● **Work order**: Print only the lines below from the one with "Police teams set" to the one with "May include: A", both included, exactly as they stand. Leave pictures out.

● **Given information**:
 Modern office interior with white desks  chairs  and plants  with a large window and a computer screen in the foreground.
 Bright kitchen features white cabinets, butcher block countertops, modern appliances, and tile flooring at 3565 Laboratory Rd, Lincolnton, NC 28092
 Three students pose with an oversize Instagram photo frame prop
---
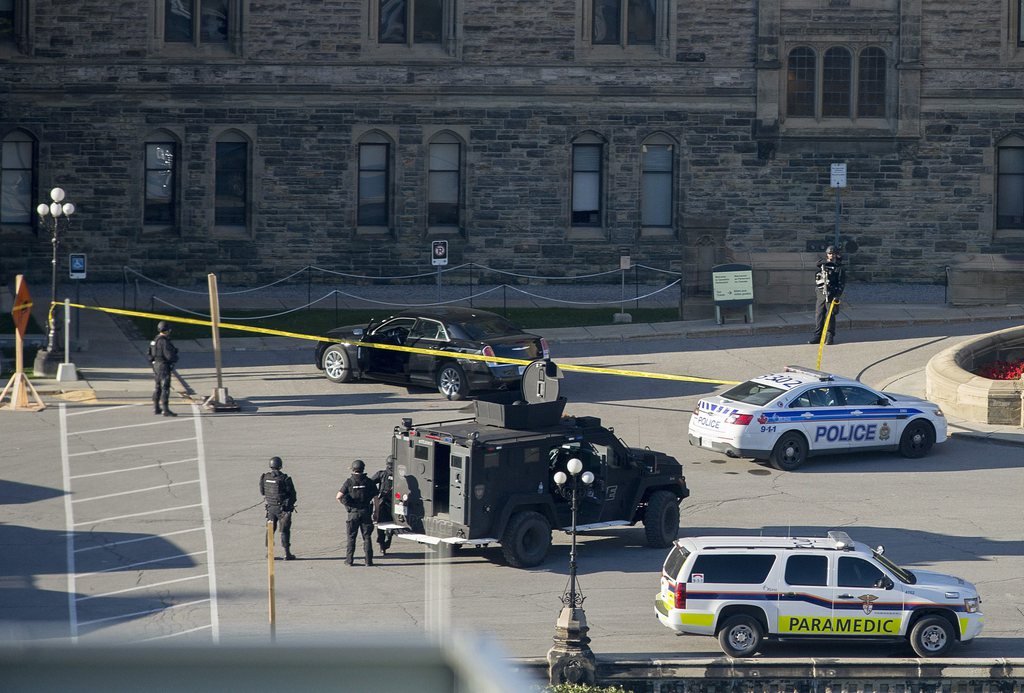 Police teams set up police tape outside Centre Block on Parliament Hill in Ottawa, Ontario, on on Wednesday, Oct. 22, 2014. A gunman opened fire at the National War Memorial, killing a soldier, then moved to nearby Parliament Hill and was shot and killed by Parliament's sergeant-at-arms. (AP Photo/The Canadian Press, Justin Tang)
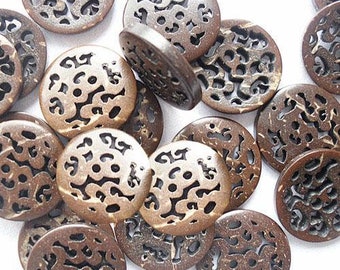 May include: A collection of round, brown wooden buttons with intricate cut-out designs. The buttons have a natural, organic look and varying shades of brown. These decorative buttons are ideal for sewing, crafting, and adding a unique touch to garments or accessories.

● **Written answer**:
 Police teams set up police tape outside Centre Block on Parliament Hill in Ottawa, Ontario, on on Wednesday, Oct. 22, 2014. A gunman opened fire at the National War Memorial, killing a soldier, then moved to nearby Parliament Hill and was shot and killed by Parliament's sergeant-at-arms. (AP Photo/The Canadian Press, Justin Tang)
 May include: A collection of round, brown wooden buttons with intricate cut-out designs. The buttons have a natural, organic look and varying shades of brown. These decorative buttons are ideal for sewing, crafting, and adding a unique touch to garments or accessories.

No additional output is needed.